There are 2 best solutions below

4
On BEST ANSWER

By the strong law of large numbers we have $$F_n(t)=\frac{1}{n}\sum_{i=1}^n I(X_i\leq t) \rightarrow \mathbb E[I(X_1\leq t)] = \mathbb P[X_1\leq t] = F(t)$$ almost surely.

Now we have $$|F_n(t)-F(t)| =|(1-F(t))-(1-F_n(t))| \leq 1-F_n(t) + 1-F(t) $$ as well as $$|F_n(t)-F(t)|\leq F_n(t)+F(t)$$ Think about how these two inequalities give you a finitely integrable upper bound of $|F_n(t)-F(t)|$ for all $t\in\mathbb R$. Then you can apply the dominated convergence theorem.

0
On

If the integral was on a compact interval, say $[-R,R]$, then we would simply apply the dominated convergence theorem, since for each fixed $t$, $F_n(t)\to F(t)$ almost surely and $\lvert F_n(t)-F(t)\rvert\leqslant 1$.
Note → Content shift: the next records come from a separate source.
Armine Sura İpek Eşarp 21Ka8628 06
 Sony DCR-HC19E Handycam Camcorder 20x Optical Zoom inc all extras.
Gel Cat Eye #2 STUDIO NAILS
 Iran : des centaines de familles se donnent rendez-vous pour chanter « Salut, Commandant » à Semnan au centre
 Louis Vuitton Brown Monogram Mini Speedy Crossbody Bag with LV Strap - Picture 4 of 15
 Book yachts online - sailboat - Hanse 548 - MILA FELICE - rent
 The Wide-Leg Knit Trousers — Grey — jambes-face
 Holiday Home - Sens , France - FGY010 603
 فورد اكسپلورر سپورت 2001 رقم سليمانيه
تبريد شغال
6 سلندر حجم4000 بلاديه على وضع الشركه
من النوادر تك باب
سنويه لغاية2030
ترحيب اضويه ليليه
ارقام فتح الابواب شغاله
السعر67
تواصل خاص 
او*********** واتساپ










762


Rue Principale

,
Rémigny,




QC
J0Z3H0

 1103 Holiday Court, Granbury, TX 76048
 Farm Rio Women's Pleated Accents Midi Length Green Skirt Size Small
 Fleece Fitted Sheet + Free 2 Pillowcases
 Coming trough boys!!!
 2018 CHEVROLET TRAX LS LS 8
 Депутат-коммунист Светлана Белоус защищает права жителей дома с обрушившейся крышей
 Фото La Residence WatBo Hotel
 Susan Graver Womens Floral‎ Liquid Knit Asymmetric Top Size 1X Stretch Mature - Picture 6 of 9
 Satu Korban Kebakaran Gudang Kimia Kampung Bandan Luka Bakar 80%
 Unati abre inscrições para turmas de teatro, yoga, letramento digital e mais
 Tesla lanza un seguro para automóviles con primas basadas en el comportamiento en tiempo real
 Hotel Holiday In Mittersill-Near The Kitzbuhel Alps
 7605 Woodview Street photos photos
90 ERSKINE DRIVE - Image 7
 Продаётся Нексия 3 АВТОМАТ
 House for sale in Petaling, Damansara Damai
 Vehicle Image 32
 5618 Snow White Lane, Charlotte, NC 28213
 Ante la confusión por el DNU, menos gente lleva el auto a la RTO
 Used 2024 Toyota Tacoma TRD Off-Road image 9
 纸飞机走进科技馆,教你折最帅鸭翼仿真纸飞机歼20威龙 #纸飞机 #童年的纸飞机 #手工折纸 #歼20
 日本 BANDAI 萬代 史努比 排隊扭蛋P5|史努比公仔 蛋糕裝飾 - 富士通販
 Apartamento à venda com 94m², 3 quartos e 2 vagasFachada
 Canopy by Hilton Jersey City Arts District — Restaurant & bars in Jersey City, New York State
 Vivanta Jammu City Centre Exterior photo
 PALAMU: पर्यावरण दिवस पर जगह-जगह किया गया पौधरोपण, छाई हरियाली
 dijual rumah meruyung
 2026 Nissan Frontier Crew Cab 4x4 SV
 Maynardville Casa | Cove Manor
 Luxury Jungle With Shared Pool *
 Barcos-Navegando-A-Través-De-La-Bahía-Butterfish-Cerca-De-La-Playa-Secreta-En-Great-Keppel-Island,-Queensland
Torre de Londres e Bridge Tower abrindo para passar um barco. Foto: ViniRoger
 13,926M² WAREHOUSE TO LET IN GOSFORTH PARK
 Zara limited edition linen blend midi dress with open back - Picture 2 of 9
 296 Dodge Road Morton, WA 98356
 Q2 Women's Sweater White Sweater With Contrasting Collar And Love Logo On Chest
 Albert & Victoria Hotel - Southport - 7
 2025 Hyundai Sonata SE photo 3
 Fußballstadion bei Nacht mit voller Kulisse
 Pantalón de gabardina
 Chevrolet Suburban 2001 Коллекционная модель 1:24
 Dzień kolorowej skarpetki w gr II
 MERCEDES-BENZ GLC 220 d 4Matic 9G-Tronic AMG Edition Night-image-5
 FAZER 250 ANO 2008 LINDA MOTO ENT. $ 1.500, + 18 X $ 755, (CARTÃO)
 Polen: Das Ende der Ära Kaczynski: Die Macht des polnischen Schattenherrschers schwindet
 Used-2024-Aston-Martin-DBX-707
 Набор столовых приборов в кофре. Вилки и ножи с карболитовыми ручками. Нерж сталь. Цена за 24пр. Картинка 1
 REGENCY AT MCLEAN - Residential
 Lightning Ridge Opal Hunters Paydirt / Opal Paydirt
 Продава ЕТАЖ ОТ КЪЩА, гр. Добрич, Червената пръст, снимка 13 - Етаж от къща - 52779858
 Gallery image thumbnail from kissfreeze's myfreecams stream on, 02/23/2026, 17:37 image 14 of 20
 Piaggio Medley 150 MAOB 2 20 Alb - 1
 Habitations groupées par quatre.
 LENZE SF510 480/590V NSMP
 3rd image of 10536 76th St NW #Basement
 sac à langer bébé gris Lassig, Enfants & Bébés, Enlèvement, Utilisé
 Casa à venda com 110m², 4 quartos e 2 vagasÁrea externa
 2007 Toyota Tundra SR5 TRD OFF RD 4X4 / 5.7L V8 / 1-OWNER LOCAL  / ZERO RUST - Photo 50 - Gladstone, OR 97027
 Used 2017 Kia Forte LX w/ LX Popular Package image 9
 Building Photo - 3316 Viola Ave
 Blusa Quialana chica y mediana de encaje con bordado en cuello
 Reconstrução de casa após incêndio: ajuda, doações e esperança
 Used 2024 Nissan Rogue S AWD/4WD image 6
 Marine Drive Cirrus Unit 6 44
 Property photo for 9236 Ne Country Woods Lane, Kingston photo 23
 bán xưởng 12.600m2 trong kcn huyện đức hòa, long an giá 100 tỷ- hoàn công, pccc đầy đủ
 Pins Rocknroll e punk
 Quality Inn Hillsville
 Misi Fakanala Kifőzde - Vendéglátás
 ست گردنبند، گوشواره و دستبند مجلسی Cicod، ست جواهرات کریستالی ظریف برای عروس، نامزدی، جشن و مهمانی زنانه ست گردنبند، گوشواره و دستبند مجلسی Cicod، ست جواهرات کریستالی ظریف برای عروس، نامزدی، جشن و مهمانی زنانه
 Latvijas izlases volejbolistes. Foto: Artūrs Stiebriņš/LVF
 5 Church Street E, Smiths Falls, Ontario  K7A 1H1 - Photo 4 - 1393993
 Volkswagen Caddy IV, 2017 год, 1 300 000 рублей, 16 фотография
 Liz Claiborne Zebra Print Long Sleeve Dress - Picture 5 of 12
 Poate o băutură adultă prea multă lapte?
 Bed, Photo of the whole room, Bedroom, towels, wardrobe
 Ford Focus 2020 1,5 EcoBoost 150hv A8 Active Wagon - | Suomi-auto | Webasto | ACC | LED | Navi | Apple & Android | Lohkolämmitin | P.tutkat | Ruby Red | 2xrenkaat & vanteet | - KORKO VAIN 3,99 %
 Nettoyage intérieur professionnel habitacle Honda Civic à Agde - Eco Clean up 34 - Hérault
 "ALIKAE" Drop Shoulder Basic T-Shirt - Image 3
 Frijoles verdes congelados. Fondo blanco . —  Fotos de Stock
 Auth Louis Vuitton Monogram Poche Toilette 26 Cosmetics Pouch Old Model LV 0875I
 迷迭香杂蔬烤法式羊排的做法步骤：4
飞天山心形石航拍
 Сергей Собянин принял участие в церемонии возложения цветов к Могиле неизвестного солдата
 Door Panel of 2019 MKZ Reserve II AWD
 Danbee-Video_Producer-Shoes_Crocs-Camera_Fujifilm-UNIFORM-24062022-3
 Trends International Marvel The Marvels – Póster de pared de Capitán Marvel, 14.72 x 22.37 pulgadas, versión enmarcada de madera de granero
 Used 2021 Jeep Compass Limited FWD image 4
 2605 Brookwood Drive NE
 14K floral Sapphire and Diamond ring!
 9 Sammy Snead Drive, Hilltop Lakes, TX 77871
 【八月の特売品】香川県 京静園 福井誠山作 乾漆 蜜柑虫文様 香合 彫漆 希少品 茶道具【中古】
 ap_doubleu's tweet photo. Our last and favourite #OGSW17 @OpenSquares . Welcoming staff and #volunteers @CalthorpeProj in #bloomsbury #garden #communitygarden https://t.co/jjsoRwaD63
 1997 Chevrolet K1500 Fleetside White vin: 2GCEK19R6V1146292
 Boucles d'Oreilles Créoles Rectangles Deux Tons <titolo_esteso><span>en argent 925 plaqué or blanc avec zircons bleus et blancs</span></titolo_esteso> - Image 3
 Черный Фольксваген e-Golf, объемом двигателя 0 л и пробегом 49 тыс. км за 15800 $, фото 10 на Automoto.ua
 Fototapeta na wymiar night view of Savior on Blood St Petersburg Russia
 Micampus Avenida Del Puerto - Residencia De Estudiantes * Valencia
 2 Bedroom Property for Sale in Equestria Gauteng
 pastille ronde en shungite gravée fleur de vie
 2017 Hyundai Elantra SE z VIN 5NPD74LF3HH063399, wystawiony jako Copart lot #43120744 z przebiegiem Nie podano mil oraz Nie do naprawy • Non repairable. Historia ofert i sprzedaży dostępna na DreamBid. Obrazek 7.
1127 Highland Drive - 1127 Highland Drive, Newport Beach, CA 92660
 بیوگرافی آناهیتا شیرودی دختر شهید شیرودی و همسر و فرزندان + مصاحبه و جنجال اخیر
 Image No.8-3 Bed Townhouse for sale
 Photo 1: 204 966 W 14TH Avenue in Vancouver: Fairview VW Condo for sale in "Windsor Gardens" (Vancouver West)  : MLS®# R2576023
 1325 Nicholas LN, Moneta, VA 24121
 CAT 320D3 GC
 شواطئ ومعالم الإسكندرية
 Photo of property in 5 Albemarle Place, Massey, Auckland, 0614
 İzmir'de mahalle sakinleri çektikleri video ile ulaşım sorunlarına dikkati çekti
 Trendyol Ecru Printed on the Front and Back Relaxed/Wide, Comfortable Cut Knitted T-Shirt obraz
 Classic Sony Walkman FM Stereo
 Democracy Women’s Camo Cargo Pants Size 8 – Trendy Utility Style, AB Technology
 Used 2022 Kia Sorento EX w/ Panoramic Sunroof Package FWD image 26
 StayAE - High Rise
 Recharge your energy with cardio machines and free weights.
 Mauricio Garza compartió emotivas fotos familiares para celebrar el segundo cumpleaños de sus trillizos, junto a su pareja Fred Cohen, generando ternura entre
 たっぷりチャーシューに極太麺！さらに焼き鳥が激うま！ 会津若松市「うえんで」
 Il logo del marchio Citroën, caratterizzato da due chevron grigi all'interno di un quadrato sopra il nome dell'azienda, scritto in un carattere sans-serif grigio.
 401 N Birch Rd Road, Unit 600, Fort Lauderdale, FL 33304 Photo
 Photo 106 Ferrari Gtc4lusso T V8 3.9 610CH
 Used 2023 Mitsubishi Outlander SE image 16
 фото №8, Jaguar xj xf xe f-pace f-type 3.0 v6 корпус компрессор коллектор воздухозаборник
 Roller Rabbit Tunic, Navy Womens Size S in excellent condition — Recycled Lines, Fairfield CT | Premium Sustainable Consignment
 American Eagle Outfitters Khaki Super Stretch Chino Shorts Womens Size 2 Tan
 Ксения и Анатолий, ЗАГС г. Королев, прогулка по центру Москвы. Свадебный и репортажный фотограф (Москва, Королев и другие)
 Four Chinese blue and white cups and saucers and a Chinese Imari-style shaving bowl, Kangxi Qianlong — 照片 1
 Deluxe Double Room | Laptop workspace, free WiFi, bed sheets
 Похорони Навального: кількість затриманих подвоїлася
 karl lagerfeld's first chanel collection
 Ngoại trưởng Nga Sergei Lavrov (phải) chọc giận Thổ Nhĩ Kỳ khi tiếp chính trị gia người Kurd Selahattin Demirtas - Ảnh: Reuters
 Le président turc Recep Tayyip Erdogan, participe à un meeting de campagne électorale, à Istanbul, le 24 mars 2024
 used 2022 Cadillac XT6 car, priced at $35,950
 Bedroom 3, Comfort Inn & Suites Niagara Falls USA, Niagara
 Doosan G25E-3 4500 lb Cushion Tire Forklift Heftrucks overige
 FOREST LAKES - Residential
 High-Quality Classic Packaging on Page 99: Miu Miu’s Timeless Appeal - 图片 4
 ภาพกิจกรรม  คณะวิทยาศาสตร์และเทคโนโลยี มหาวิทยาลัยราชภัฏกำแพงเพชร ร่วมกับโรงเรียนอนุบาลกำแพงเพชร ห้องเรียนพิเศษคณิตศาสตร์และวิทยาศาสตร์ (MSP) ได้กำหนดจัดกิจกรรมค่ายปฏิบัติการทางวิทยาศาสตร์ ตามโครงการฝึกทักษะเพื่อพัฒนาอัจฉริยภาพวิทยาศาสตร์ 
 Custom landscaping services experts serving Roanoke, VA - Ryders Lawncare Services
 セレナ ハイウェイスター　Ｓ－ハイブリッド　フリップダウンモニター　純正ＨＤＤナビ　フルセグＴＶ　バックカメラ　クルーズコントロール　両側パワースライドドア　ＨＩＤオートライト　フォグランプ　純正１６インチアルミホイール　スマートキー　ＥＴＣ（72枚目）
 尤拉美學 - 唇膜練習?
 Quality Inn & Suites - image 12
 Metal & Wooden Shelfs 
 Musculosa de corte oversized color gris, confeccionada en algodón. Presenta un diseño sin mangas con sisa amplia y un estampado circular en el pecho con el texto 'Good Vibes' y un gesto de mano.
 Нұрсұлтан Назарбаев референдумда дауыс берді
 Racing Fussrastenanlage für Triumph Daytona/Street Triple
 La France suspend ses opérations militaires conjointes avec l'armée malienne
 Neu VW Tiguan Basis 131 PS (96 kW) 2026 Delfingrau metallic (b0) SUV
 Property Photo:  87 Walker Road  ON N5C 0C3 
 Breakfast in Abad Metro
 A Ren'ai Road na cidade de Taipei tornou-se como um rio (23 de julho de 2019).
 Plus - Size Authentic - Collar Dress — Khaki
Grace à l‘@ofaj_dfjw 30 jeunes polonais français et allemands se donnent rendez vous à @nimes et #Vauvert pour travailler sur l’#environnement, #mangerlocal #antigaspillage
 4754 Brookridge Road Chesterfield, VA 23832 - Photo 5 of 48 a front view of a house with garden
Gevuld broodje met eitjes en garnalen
In order to treat the integral over the whole real line, write \begin{align} \int_R^\infty\left\lvert F_n(t)-F(t)\right\rvert dt &=\int_R^\infty\left\lvert \frac 1n\sum_{i=1}^n \mathbf{1}_{X_i>t}-\mathbb P(X_1>t)\right\rvert dt\\ &\leqslant \int_R^\infty\frac 1n\sum_{i=1}^n \mathbf{1}_{X_i>t}dt+\int_R^\infty\mathbb P(X_1>t)dt\\ &\leqslant \frac 1n\sum_{i=1}^n \mathbf{1}_{X_i>R}\int_R^{X_i}dt+\int_R^\infty\mathbb P(X_1>t)dt\\ &=\frac 1n\sum_{i=1}^n (X_i-R)\mathbf{1}_{X_i>R} +\int_R^\infty\mathbb P(X_1>t)dt. \end{align} By the usual law of large numbers, one has for each integer $R$ $$ \limsup_{n\to\infty}\int_R^\infty\left\lvert F_n(t)-F(t)\right\rvert dt\leqslant \mathbb E\left[(X_1-R)\mathbf{1}_{X_1>R} \right]+\int_R^\infty\mathbb P(X_1>t)dt \mbox{ a.s.} $$ By a similar reasoning, $$ \limsup_{n\to\infty}\int_{-\infty}^{-R}\left\lvert F_n(t)-F(t)\right\rvert dt\leqslant \mathbb E\left[(-R-X_1)\mathbf{1}_{X_1\leqslant -R} \right]+\int_{-\infty}^{-R}\mathbb P(X_1\leqslant t)dt \mbox{ a.s.} $$ and taking into account the first observation of the post, we derive that for each integer $R$, $$ \limsup_{n\to\infty}\int_{-\infty}^{\infty}\left\lvert F_n(t)-F(t)\right\rvert dt\\\leqslant \mathbb E\left[(X_1-R)\mathbf{1}_{X_1>R} \right]+\int_R^\infty\mathbb P(X_1>t)dt+\mathbb E\left[(-R-X_1)\mathbf{1}_{X_1\leqslant -R} \right]+\int_{-\infty}^{-R}\mathbb P(X_1\leqslant t)dt\mbox{ a.s.} $$ and integrability of $X_1$ guarantees that the last quantity goes to $0$ as $R\to \infty$.